::: MATERIAL PROVIDED
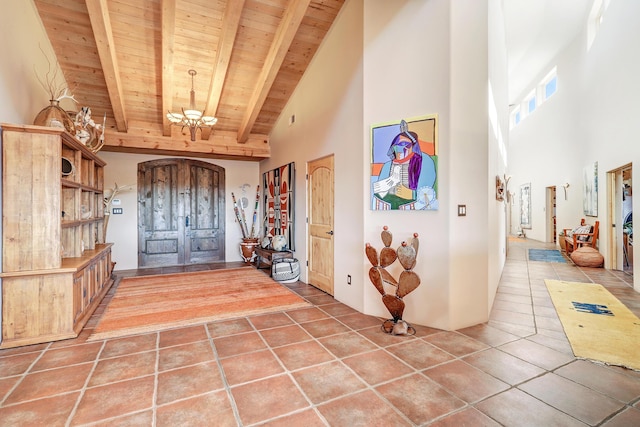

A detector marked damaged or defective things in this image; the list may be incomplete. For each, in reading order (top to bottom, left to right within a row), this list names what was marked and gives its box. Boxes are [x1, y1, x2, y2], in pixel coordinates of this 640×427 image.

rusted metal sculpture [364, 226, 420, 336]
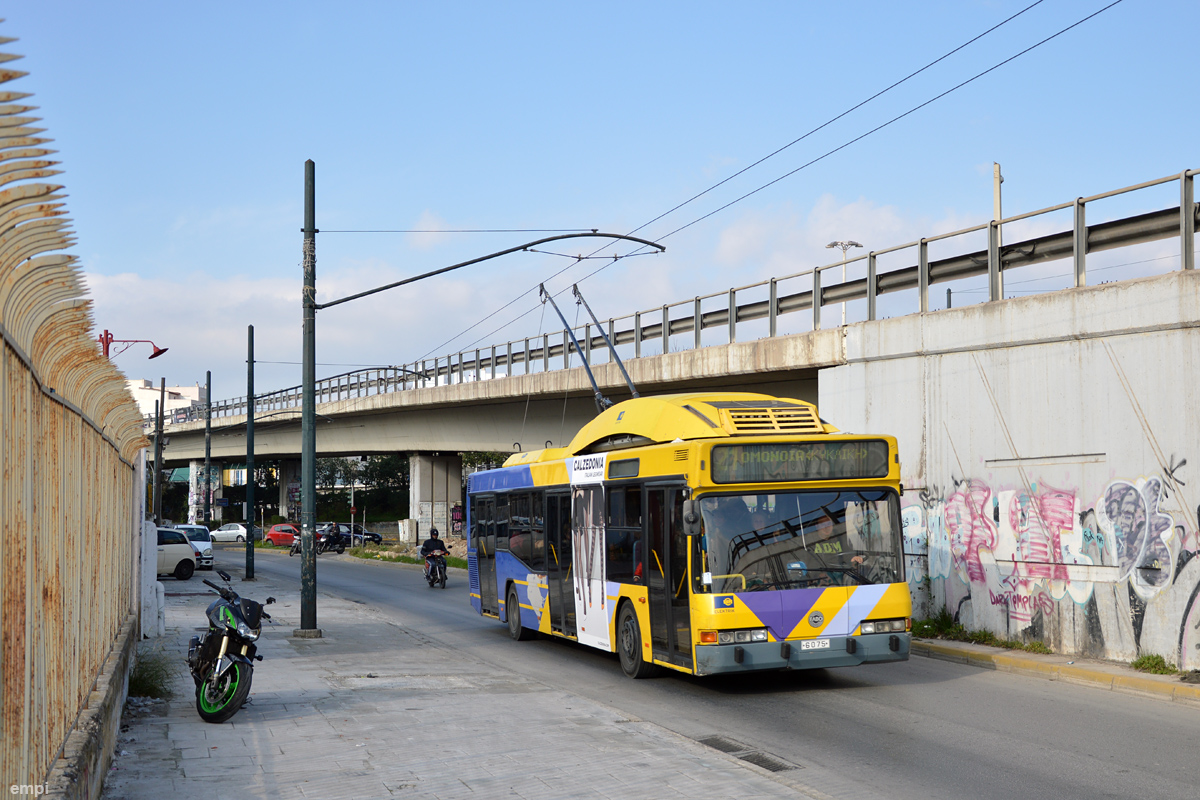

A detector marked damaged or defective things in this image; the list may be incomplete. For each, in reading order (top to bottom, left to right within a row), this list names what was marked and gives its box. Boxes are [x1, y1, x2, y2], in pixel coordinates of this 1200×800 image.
::::::
::: MATERIAL PROVIDED
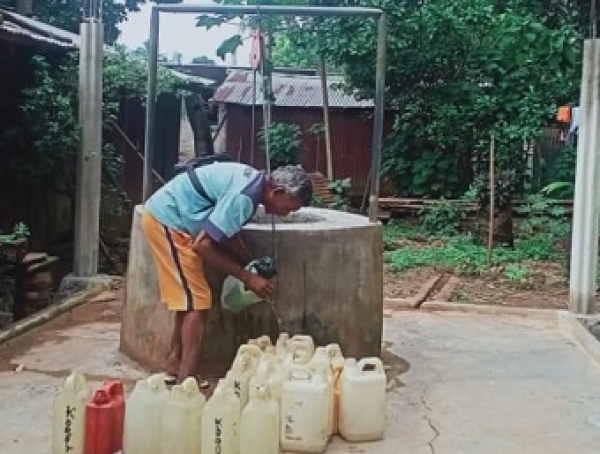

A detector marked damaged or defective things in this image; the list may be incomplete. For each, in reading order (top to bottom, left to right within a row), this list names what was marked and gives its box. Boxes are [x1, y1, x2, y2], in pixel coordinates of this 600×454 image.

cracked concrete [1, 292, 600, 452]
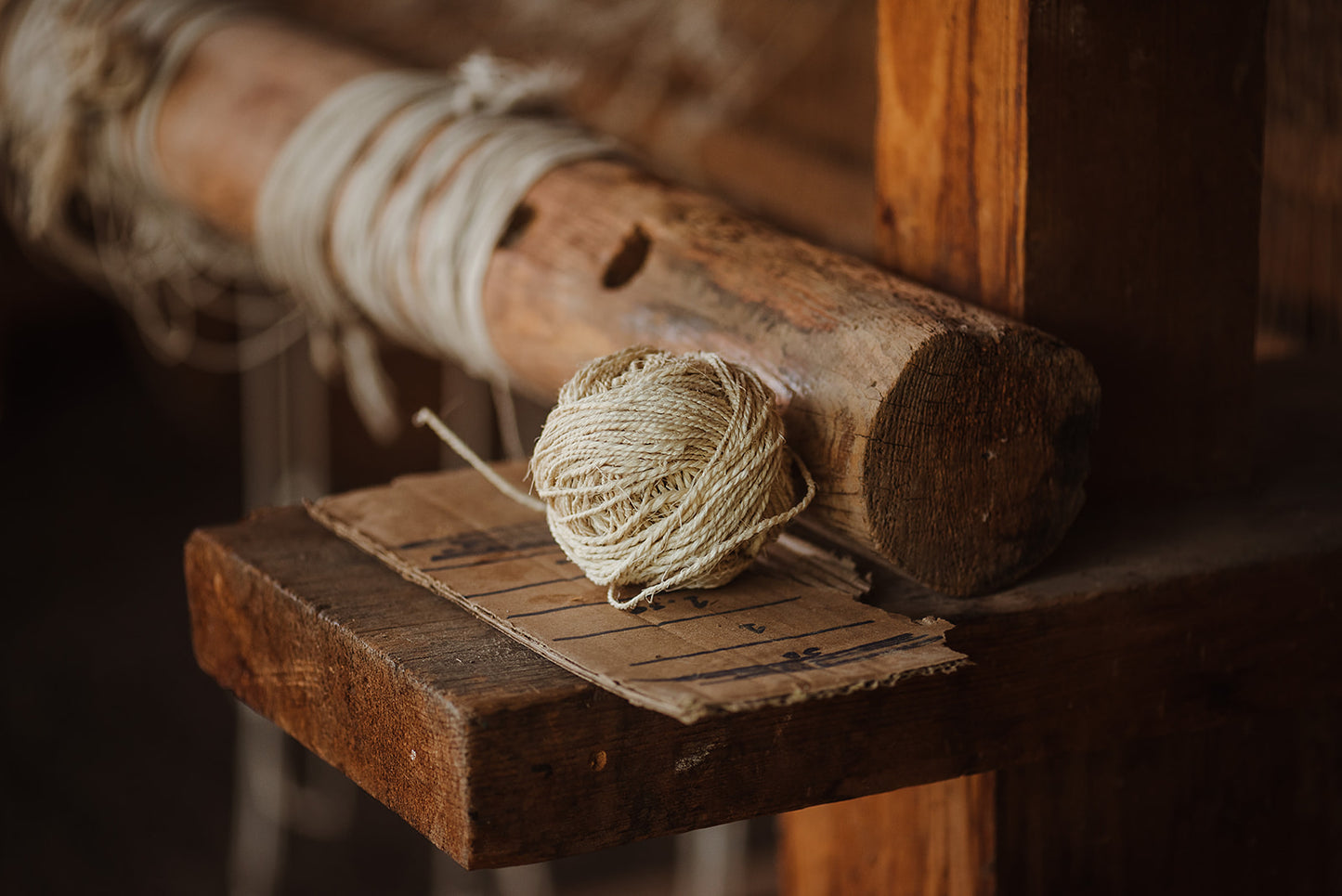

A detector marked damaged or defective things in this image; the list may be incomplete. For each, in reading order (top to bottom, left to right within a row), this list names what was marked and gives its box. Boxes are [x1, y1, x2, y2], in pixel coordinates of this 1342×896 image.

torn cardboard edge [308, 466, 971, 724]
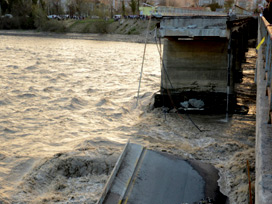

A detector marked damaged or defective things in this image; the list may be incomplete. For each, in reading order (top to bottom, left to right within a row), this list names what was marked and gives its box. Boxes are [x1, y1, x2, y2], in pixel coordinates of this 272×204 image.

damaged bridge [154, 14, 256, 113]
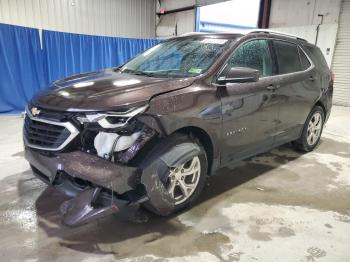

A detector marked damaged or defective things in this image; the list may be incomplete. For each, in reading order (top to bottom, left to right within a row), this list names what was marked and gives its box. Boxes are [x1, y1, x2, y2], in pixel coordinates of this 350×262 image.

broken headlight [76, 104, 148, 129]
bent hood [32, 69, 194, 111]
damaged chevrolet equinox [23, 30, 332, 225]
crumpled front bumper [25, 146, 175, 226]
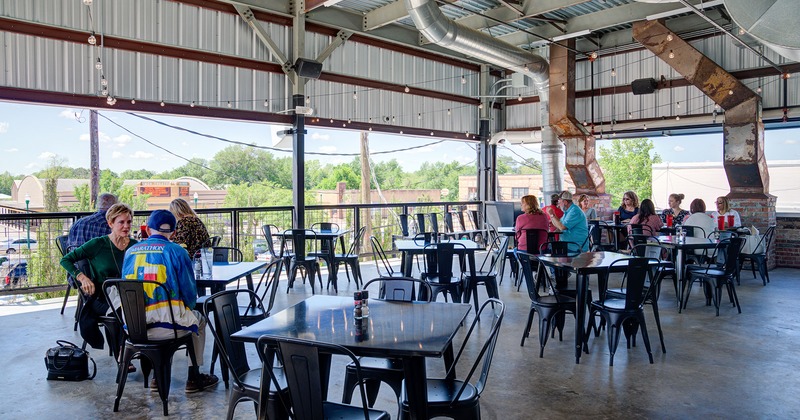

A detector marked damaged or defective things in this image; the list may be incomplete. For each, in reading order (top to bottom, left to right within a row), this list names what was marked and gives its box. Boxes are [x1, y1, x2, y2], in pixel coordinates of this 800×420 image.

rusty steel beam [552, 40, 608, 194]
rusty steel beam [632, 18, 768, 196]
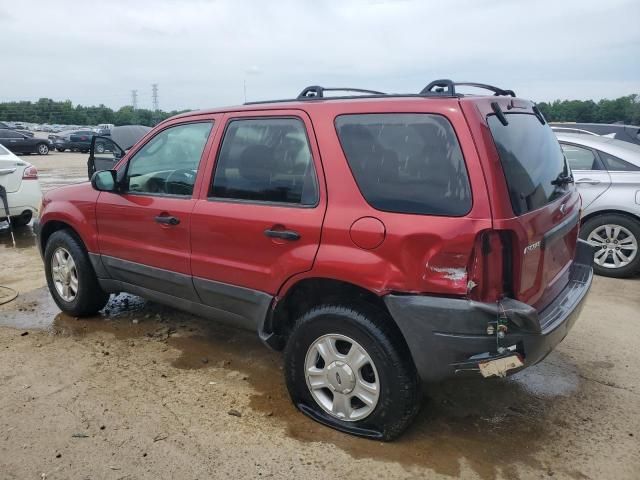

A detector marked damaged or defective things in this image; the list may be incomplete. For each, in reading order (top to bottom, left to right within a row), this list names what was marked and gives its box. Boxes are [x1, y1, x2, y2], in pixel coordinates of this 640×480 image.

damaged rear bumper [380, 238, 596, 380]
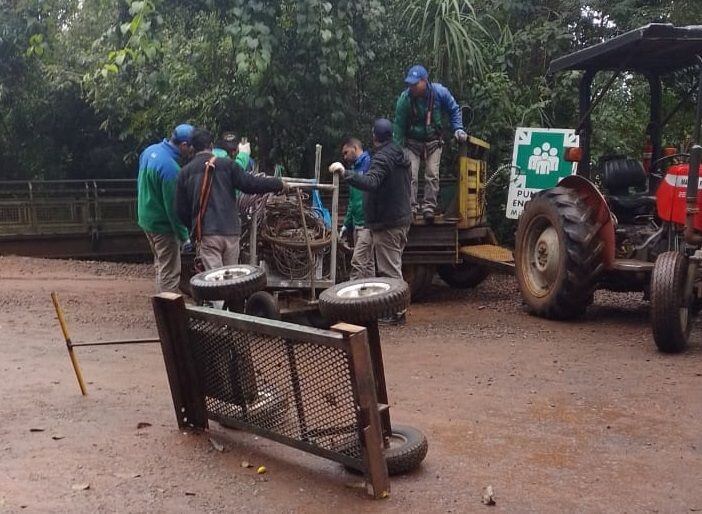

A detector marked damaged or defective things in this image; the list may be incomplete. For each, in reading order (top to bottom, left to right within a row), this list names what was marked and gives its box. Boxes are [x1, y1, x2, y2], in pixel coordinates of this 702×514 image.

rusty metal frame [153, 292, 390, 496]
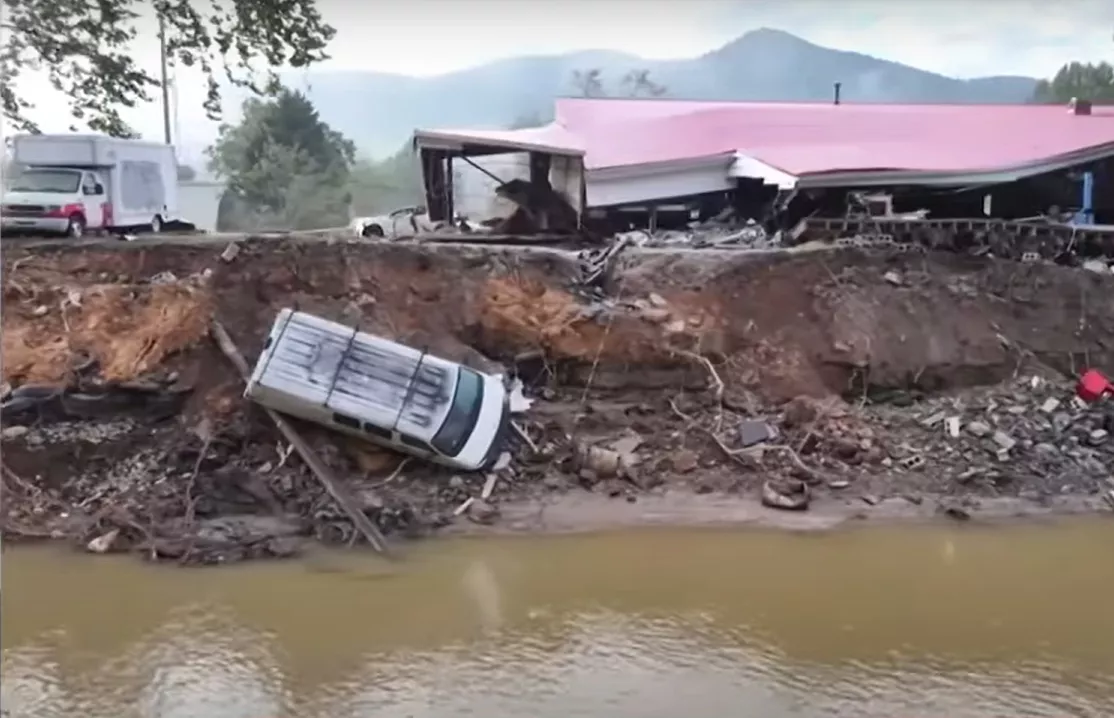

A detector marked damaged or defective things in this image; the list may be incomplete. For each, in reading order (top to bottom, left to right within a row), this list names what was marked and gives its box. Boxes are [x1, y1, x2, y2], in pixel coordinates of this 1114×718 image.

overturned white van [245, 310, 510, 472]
::::::
ASSIGNED TASK
Please repeat the lines of the material above exactly, starting with the line that contains "this 640×427 image." and ending with the line that contains "this 1200×800 image.". Leave the pictures out.

RESPONSE FOR THIS EXERCISE
A detector marked damaged or defective things in this image; the list may be incomplete. For each, in reading order (top to bottom, left to right within a row), this list names what was marked and gives its box. Boxes are [x1, y1, x2, y2], in pixel coordinates of this 640×427 image.

rusted metal sculpture [364, 226, 420, 336]

A detector marked damaged or defective things in this image; the list may be incomplete. For each, in reading order (top to bottom, left to right within a row), this list names what was marked and gives its box. Boxes are [x1, y1, x2, y2], in pixel coordinates of this 1200×800 image.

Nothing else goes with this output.